Usually wages are valued by the number and the amount of the necessaries of life such wages will purchase at the usual retail rates in our towns and cities. The man with cash can always purchase in the cheapest market, his trade is sought for, and efforts made to retain it when once it is secured, hence the cash purchaser can always be assured of getting the necessaries of life at the lowest cash prices. Knowing what such prices are, and knowing the amount of wages received, it can be readily ascertained how the individual can live, but when wages are not paid in cash, but are paid in "truck" all calculations are at fault, for instead of the laborer being able to take his wages and purchase in the cheapest market, his wages are literally forced from him in purchases at the dearest market, so that while his nominal wages may be as great as the wages paid elsewhere in cash, yet in reality the wages are from twenty to forty per cent. less in value because of the system of payment.

Truck originally meant barter, by which the laborer took his pay in a portion of what his labor produced, which he could dispose of to the best advantage if not suitable to his wants. Under our truck system the laborer does not receive pay in what he consumes. Both these forms of truck are as old as labor, but in the earliest times they were generally found not separate but united. What the workman produced he also desired to consume, and for his labor in tending sheep and cattle, and sowing and reaping grain, he received wool for his clothing, and meat and bread for his food. But when distinction came to be made of labor as agricultural and mechanical, and when employments came to be much sub-divided, it would happen that a laborer's production was calculated to supply but a part only, or perhaps none at all of his wants. Hence, if he were to be paid in kind he would be obliged to sell or exchange the same for commodities more suitable to his necessities, and this, as will be seen, he might have to do at a very great disadvantage, having no place to trade, no business acquaintance, and no time to spend on bartering his wares.

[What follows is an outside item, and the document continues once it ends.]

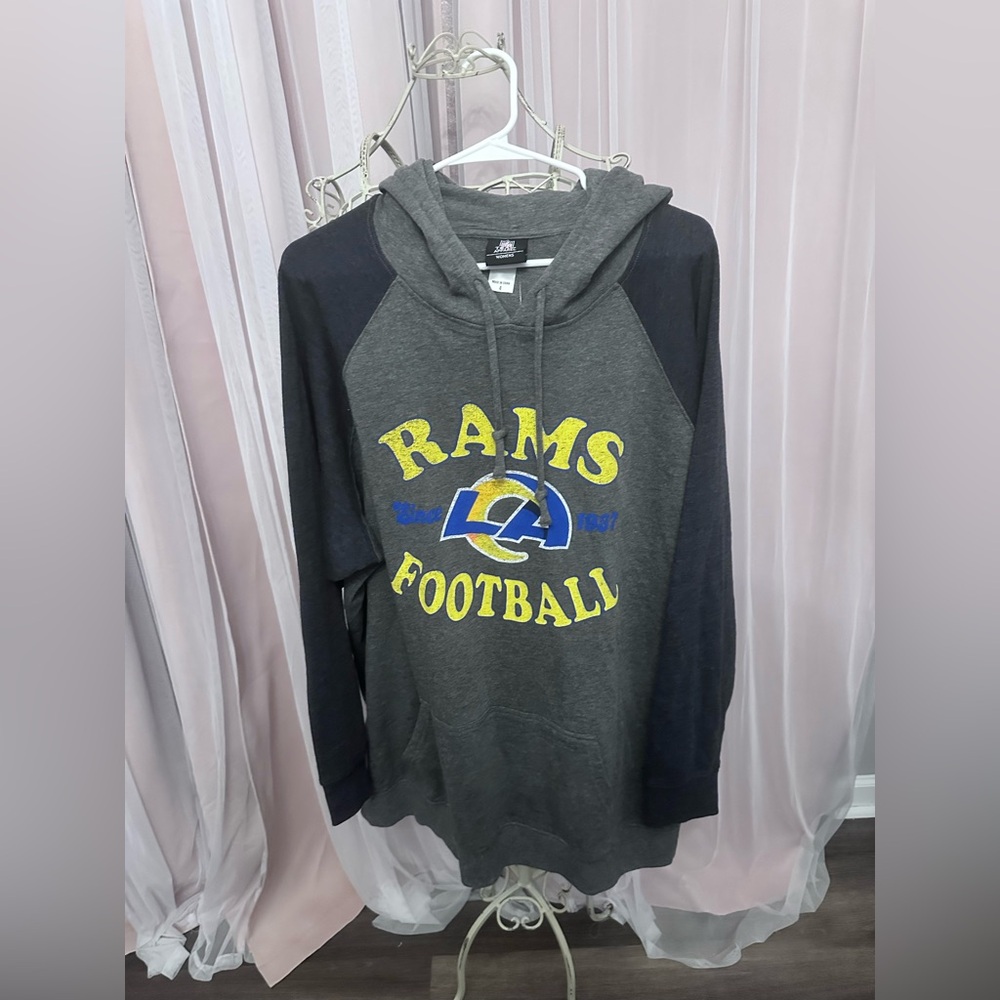NFL Team Apparel Women's Gray Hoodie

To such an extent had the evil grown in England that in 1464 an act was passed in which occurs the following: "Therefore it is ordained and established that every man and woman being cloth-makers, from the feast of St. Peter shall pay to the carders, spinsters, and all such other laborers in any part of such trade lawful money for all their lawful wages."

In England money payments have only been secured by vigorous legislation, and great vigilance in administration. The system of truck was in full force in England up to the year 1831, when an act was passed that "in all contracts for the hiring of any artificer in any of the trades enumerated, the wages of such artificer shall be made payable in the current coin of the realm, and not otherwise." The trades enumerated were the manufacturers of iron and steel; the mining of coal, iron lime-stone, salt, rock; the working or getting of clay, stone or slate, and the manufacturers of hardware, salt, brick, glass, leather, etc. There was, however, the right given to masters to supply artificers with


medicine and medical attendance, fuel, materials, tools, and implements in mining; also to furnish tenements, the rent to be reserved.

The coal and iron mining interests made strong pleas to be permitted to continue the truck system. In the nature of the case, works of this character are found principally at considerable elevations upon difficult and unbroken ground, and often at considerable distance from market towns. Hence the proprietors were not without a show of reason in holding that the prompt and sure supply of a large and fluctuating body of workmen required that shops for the sale of the necessaries of life should be established in immediate connection with the works themselves. But the opportunity to add to the profits of manufacture, ("though the unscrupulous exercise of the influence and authority of the employer") more than the ordinary profits of trade, did not suffer truck to be confined to departments of industry presenting so much of an excuse for the system, as the building of canals and railways, and the mining of coal, and iron. Truck long prevailed to a vast extent in connection with many branches of manufacture, and in many communities where no reason but the greed of employers existed for the practice. Workmen were compelled to purchase at the master's store, on pain of discharge. Sometimes hints accomplished the object; sometimes threats were necessary; sometimes example had to be made. However strong the disapprobation of the workmen, or of the larger community around, the profits of the truck were so enormous as to overcome the scruples and the shame of many employers. Those pofits were five fold.

First, the ordinary profit of the retail dealer, large as that is and larger as we know it becomes in proportion to the ignorance and poverty of the customers.

Second, there was a great diminution of ordinary expenses, due to the compulsion exercised; the trader who was also the manufacturer did not have to resort to costly advertising to draw custom, to maintain an attractive establishment in a convenient location, or to keep up an efficient body of clerks and attendants; the only advertisement needed was the ominous notice to trade there; the store might be the merest barn, the service might be reduced to a degree involving the greatest inconvenience and even hardship to the customer.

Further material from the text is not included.